Now, as I am learning more about family history through genealogy research I am experiencing history in a new way and am enjoying it more than ever.
Take Richard Platt and Mary Wood. They were born in 1603 and 1605 respectively, in England, and were married in Essex in 1619. Influenced greatly by the teaching of Charles Chauncey (vicar of the church in Ware, Richard's hometown, from 1627-1633), who later became the first president of Harvard University, they decided to venture to the new world in search of opportunity. They were not so much dissatisfied as they were desirous of living in a place where they could, as a part of a group from Hertfordshire, start their own settlement based on the ideals of their faith. Upon their arrival in Connecticut in 1638, Richard, Mary, and their four children were among the first settlers in New Milford. Richard, first trained as a tailor, got his beginnings in early America as a planter and two of his sons, John and Josiah, are on record as some of the earliest business owners in New Milford. Richard was appointed as a deacon in the first church in New Milford in 1669. Ever aware of his responsibility to leave a legacy, he desired that his sons become scholars and he willed Bibles to 24 of his grandchildren.

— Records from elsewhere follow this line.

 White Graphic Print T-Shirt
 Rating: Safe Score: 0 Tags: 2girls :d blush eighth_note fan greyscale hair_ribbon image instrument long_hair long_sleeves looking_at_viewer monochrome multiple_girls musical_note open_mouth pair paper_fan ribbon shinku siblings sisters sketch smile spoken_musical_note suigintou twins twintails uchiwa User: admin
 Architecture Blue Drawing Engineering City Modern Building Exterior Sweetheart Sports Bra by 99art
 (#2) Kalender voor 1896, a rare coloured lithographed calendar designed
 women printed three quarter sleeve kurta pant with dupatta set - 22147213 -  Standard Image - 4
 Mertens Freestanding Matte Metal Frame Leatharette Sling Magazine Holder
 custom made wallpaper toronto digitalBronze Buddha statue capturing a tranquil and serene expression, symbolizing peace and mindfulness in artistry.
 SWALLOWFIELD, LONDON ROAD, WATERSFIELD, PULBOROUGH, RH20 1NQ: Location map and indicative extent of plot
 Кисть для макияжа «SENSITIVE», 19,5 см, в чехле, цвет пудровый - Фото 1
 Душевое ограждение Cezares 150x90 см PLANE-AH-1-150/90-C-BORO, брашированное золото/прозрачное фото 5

This story is not about some random person in an obscure history book. Richard Wood was the 9th great-grandfather to my own father. His story has personal meaning to me and to my family. I believe that were he able to know the future, Richard would be pleased and proud to learn his legacy has indeed survived the generations. His seed has borne people of faith and scholars alike. I am struck by Richard and Mary's courage in setting out across an ocean to follow a dream and I find myself proud to be connected to them.
And were it not for recorded history, their story could have been lost forever. I am garnering a whole new appreciation for history and every time I happen upon a story like this one, I can hardly wait to find the next.